The building is equipped with state-of-the-art facilities, including a gym, library, and music room, and it may finally achieve the vision of the architect Ernö Goldfinger. The Hungarian was a Marxist, and in 1963 when he designed the building, he claimed that it should facilitate the relationships between people as they went about their daily life.
The results were mixed, to say the least. The Brutalist concrete tower was compared to a prison and a pillbox, and its atmosphere was described as hostile, alienating, and even terrifying. The residents were from displaced slum clearance streets, and an effort was made to house people from the same streets together, on the same or adjacent floors.

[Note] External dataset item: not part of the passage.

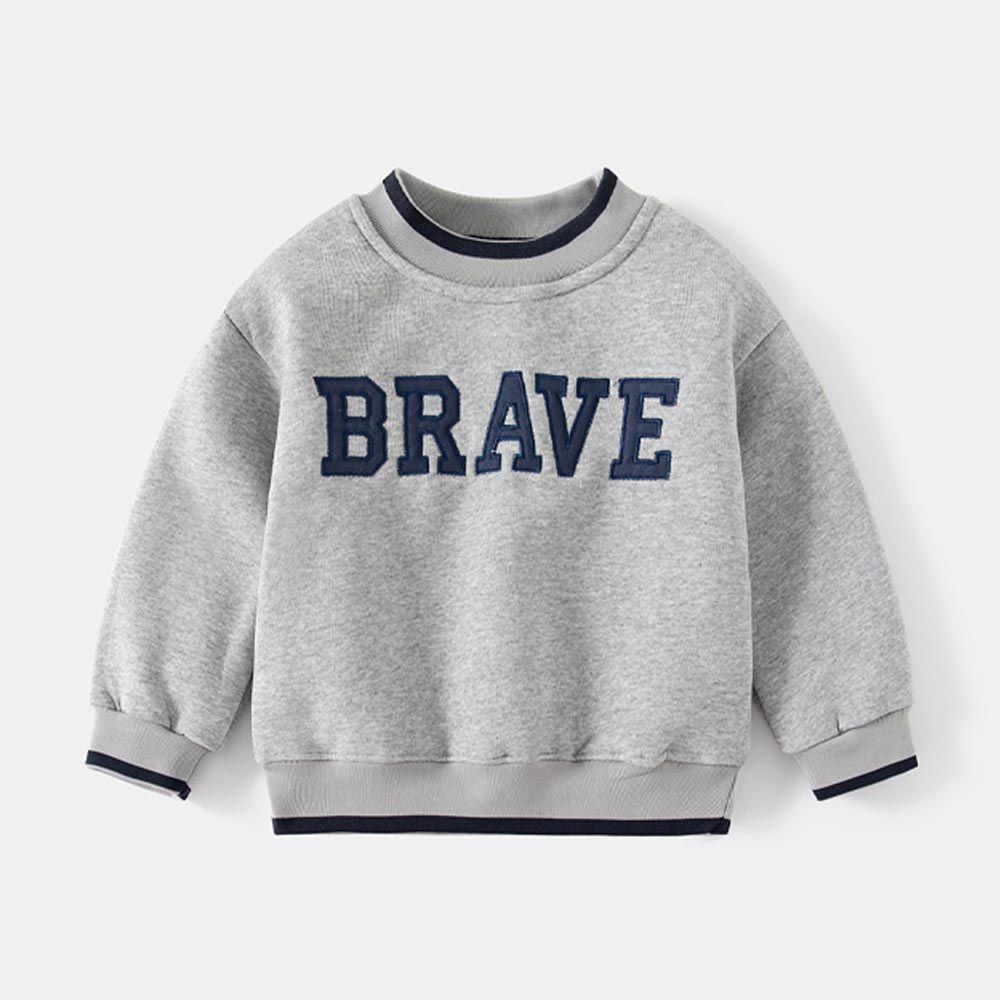 加絨圓領長袖上衣-BRAVE-灰色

The original design did include communal rooms for recreation and social space, and at first, most of the residents reported a positive experience. However, by the 1980s, the building was suffering from a lack of investment and neglect by the local council.
It became a target for vandalism, crime, and drug dealing, and the communal rooms were filled up with rubbish. It was the opposite of the people-centred living space that the architect had envisaged.
By 2014, the final stamp of horror was bestowed when it was used as a film set for the apocalyptic zombie movie 28 Days Later. Yet now, eight years later, London’s fashionable and wealthy residents are lining up to buy the renovated flats for substantial sums. The agents have reported that 1,200 potential buyers have registered their interest.
The question of the displaced former council tenants is a very controversial point. Some were living in substandard, overcrowded conditions, and were happy to leave. However, others enjoyed high rise living, and felt as though they were being swept under the carpet to make way for a money-spinning regeneration project.
All of this raises a very interesting question about Brutalist architecture, and what we deem to be desirable places to live. One the one hand, the Balfron Tower is a Grade II* listed building, and yet it has been described as ugly, charmless, aggressive, and dystopian. Is the difference down to décor, taste, changing fashions, investment levels, or something deeper?
The so called ‘streets in the sky’, which seemed to provide a Utopian answer to the problem of overcrowded slum terraced housing in post-war Britain, have largely failed in their ambitions. Most of the problems have arisen through a lack of investment and proper maintenance, such as broken lifts, poor ventilation, and graffiti and vandalism.
When the buildings are truly optimised for human living, as Goldfinger envisioned, maybe they can fulfil their function. However, the question remains as to whether they can house the very people who they were originally designed for, or just a handful of London’s elites.